───── The records
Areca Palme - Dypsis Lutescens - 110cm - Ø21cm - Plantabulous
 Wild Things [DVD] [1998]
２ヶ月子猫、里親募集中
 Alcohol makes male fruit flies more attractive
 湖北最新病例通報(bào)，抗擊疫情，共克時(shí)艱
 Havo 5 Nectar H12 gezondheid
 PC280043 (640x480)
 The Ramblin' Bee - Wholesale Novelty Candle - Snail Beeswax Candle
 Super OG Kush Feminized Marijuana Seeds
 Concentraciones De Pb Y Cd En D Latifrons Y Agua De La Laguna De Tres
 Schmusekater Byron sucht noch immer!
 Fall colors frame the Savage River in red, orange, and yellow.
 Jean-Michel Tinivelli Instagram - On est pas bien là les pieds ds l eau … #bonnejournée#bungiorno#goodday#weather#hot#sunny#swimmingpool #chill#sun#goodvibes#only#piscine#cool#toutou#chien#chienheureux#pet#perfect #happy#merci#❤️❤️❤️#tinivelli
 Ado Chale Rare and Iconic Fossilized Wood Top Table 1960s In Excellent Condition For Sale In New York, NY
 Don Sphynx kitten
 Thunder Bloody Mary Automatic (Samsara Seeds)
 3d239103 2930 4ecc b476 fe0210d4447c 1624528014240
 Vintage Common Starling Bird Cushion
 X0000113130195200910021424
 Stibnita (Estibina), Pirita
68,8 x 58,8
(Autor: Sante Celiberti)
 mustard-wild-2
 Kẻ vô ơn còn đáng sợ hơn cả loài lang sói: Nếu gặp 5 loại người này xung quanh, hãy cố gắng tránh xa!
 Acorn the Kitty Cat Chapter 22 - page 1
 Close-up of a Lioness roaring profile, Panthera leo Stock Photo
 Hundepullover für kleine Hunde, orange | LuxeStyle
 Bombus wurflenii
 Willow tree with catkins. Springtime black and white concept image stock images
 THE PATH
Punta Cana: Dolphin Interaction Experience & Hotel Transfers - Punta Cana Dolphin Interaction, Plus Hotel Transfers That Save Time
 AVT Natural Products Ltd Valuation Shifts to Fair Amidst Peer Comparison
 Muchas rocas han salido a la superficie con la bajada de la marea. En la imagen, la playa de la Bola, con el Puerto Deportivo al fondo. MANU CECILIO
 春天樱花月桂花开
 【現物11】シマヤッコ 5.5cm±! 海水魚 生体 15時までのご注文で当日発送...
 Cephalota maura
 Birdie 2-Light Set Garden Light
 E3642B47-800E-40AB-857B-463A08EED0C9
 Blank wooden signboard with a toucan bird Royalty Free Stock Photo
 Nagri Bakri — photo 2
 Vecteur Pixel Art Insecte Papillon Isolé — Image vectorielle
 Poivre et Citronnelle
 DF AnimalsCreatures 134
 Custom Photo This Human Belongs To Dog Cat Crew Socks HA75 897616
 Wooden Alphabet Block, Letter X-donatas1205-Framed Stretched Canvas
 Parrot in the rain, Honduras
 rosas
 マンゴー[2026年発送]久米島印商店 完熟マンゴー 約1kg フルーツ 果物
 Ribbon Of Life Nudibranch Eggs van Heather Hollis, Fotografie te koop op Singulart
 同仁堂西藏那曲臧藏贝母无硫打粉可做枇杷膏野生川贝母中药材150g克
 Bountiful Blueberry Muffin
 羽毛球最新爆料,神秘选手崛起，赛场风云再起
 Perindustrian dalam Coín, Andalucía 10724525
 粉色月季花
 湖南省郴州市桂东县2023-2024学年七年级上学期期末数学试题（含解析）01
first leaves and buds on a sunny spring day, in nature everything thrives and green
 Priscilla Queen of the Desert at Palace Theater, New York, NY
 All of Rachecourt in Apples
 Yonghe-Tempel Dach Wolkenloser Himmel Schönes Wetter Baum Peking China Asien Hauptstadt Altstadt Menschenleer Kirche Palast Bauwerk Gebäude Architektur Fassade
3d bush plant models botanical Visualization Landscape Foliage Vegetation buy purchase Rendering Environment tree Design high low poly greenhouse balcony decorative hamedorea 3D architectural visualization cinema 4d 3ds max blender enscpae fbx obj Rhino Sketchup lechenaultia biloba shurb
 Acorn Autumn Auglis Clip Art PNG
──────────
# Exercise directions
Only one part of the material above is to be transcribed, namely the lines starting with the line that has "Acorn the Kitty Cat Chapter 22 - page 1" and going on through the line that has "Yonghe-Tempel Dach Wolkenloser", exactly as they stand.

# Solved problem
 Acorn the Kitty Cat Chapter 22 - page 1
 Close-up of a Lioness roaring profile, Panthera leo Stock Photo
 Hundepullover für kleine Hunde, orange | LuxeStyle
 Bombus wurflenii
 Willow tree with catkins. Springtime black and white concept image stock images
 THE PATH
Punta Cana: Dolphin Interaction Experience & Hotel Transfers - Punta Cana Dolphin Interaction, Plus Hotel Transfers That Save Time
 AVT Natural Products Ltd Valuation Shifts to Fair Amidst Peer Comparison
 Muchas rocas han salido a la superficie con la bajada de la marea. En la imagen, la playa de la Bola, con el Puerto Deportivo al fondo. MANU CECILIO
 春天樱花月桂花开
 【現物11】シマヤッコ 5.5cm±! 海水魚 生体 15時までのご注文で当日発送...
 Cephalota maura
 Birdie 2-Light Set Garden Light
 E3642B47-800E-40AB-857B-463A08EED0C9
 Blank wooden signboard with a toucan bird Royalty Free Stock Photo
 Nagri Bakri — photo 2
 Vecteur Pixel Art Insecte Papillon Isolé — Image vectorielle
 Poivre et Citronnelle
 DF AnimalsCreatures 134
 Custom Photo This Human Belongs To Dog Cat Crew Socks HA75 897616
 Wooden Alphabet Block, Letter X-donatas1205-Framed Stretched Canvas
 Parrot in the rain, Honduras
 rosas
 マンゴー[2026年発送]久米島印商店 完熟マンゴー 約1kg フルーツ 果物
 Ribbon Of Life Nudibranch Eggs van Heather Hollis, Fotografie te koop op Singulart
 同仁堂西藏那曲臧藏贝母无硫打粉可做枇杷膏野生川贝母中药材150g克
 Bountiful Blueberry Muffin
 羽毛球最新爆料,神秘选手崛起，赛场风云再起
 Perindustrian dalam Coín, Andalucía 10724525
 粉色月季花
 湖南省郴州市桂东县2023-2024学年七年级上学期期末数学试题（含解析）01
first leaves and buds on a sunny spring day, in nature everything thrives and green
 Priscilla Queen of the Desert at Palace Theater, New York, NY
 All of Rachecourt in Apples
 Yonghe-Tempel Dach Wolkenloser Himmel Schönes Wetter Baum Peking China Asien Hauptstadt Altstadt Menschenleer Kirche Palast Bauwerk Gebäude Architektur Fassade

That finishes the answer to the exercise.